On me demande souvent si nous devrions être inquiets de l’augmentation des investissements chinois en Europe et spécifiquement en France. En effet le contraste entre l’attitude protectrice et méfiante des USA et le tapis rouge que l’Europe déroule devant la Chine est frappant. La première explication qui vient à l’esprit est naturellement que les dirigeants européens, engloutis dans la crise économique qui secoue la zone euro, sont ravis de voir une grande puissance racheter leur dette, tandis que les américains, sont inquiets de voir la deuxième puissance mondiale posséder trop de la leur.

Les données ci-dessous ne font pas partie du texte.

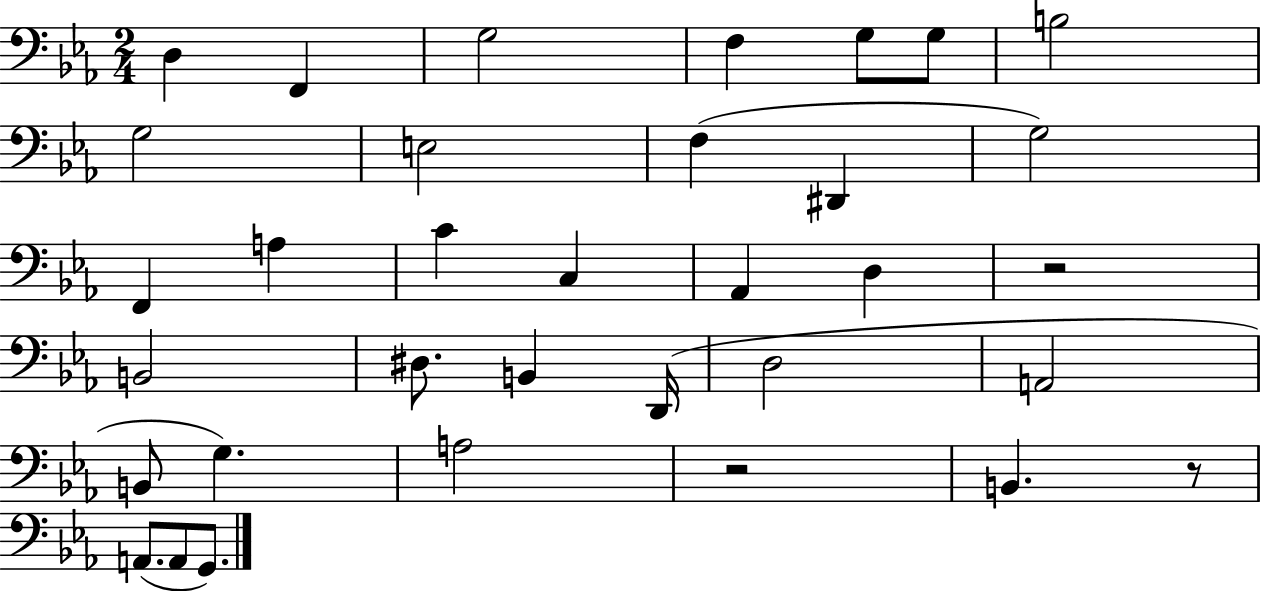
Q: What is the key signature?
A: EES major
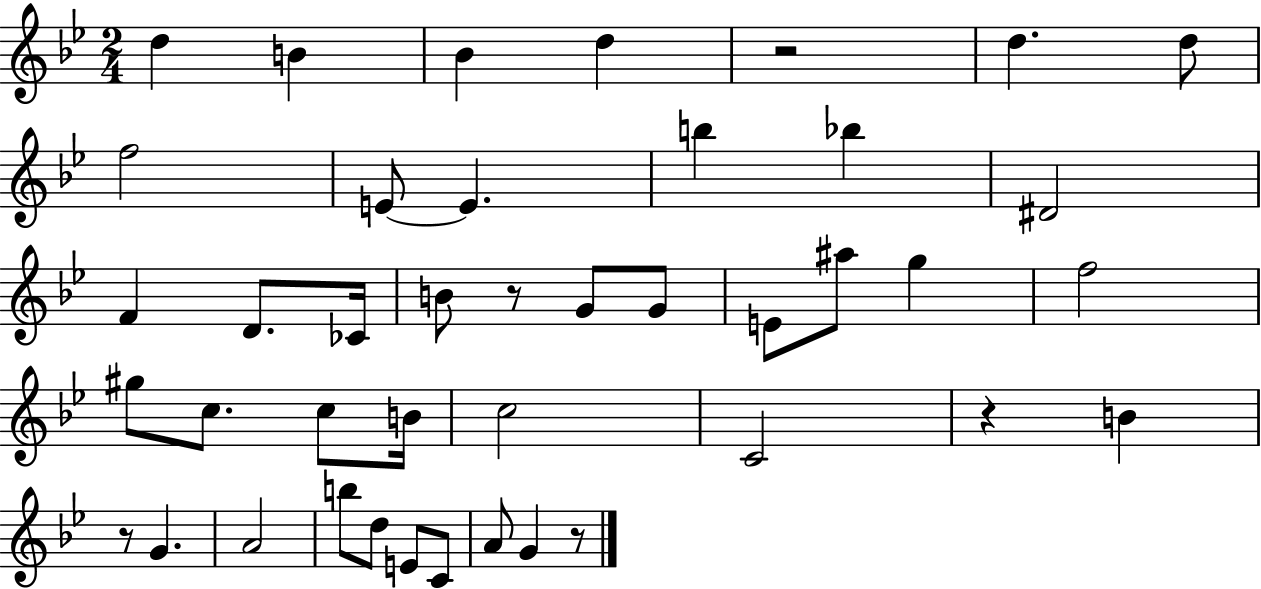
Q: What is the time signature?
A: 2/4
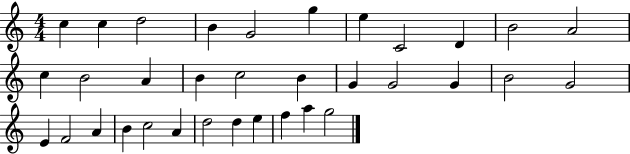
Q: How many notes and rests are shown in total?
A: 34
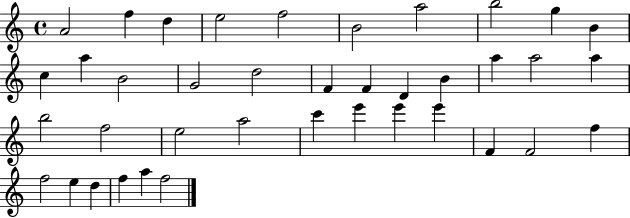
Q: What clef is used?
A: treble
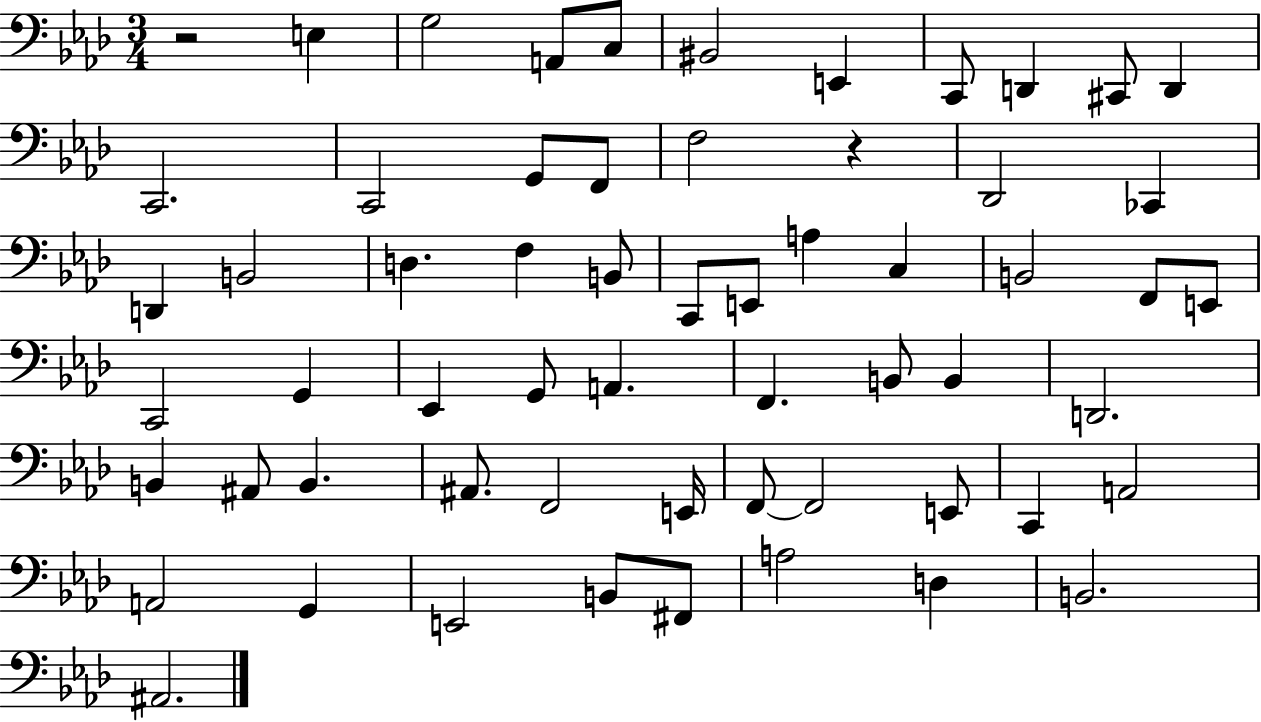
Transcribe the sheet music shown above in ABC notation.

X:1
T:Untitled
M:3/4
L:1/4
K:Ab
z2 E, G,2 A,,/2 C,/2 ^B,,2 E,, C,,/2 D,, ^C,,/2 D,, C,,2 C,,2 G,,/2 F,,/2 F,2 z _D,,2 _C,, D,, B,,2 D, F, B,,/2 C,,/2 E,,/2 A, C, B,,2 F,,/2 E,,/2 C,,2 G,, _E,, G,,/2 A,, F,, B,,/2 B,, D,,2 B,, ^A,,/2 B,, ^A,,/2 F,,2 E,,/4 F,,/2 F,,2 E,,/2 C,, A,,2 A,,2 G,, E,,2 B,,/2 ^F,,/2 A,2 D, B,,2 ^A,,2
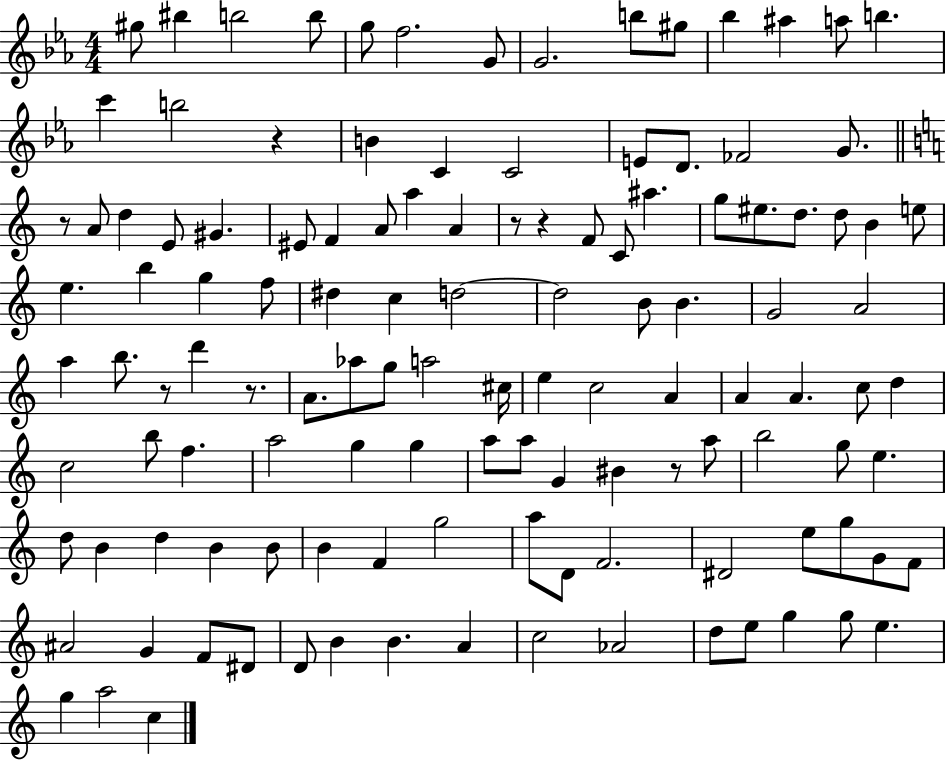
G#5/e BIS5/q B5/h B5/e G5/e F5/h. G4/e G4/h. B5/e G#5/e Bb5/q A#5/q A5/e B5/q. C6/q B5/h R/q B4/q C4/q C4/h E4/e D4/e. FES4/h G4/e. R/e A4/e D5/q E4/e G#4/q. EIS4/e F4/q A4/e A5/q A4/q R/e R/q F4/e C4/e A#5/q. G5/e EIS5/e. D5/e. D5/e B4/q E5/e E5/q. B5/q G5/q F5/e D#5/q C5/q D5/h D5/h B4/e B4/q. G4/h A4/h A5/q B5/e. R/e D6/q R/e. A4/e. Ab5/e G5/e A5/h C#5/s E5/q C5/h A4/q A4/q A4/q. C5/e D5/q C5/h B5/e F5/q. A5/h G5/q G5/q A5/e A5/e G4/q BIS4/q R/e A5/e B5/h G5/e E5/q. D5/e B4/q D5/q B4/q B4/e B4/q F4/q G5/h A5/e D4/e F4/h. D#4/h E5/e G5/e G4/e F4/e A#4/h G4/q F4/e D#4/e D4/e B4/q B4/q. A4/q C5/h Ab4/h D5/e E5/e G5/q G5/e E5/q. G5/q A5/h C5/q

L’analyse de The Economist du tour européen du premier ministre chinois Wen Jiabao cet été montre pourtant que la position de faiblesse de l’Europe n’est pas la seule explication de l’ouverture de l’Europe à la Chine. Il est vrai que l’on voit nombre sociétés européennes à court de liquidité courtiser les sociétés chinoises. Mais même parmi les pays forts de l’Europe, la tendance politique est de promouvoir les investissements chinois et non pas de les décourager. Certes, cela demande des ajustements d’accueillir un nouveau partenaire, mais il y a de grandes opportunités à s’allier à la future plus grande économie du monde, ne serait-ce que pour en gagner la clé.

Cette différence d’attitude entre l’Europe et les Etats-Unis aura de lourdes conséquences sur l’évolution des trois grandes puissances économiques : la Chine, les USA et l’Europe. En effet, historiquement la Chine a commencé par investir pour sécuriser les ressources d’énergie et de matières premières dont son expansion industrielle a désespérément besoin. L’argent chinois s’est donc investi en Asie, en Afrique et en Amérique Latine.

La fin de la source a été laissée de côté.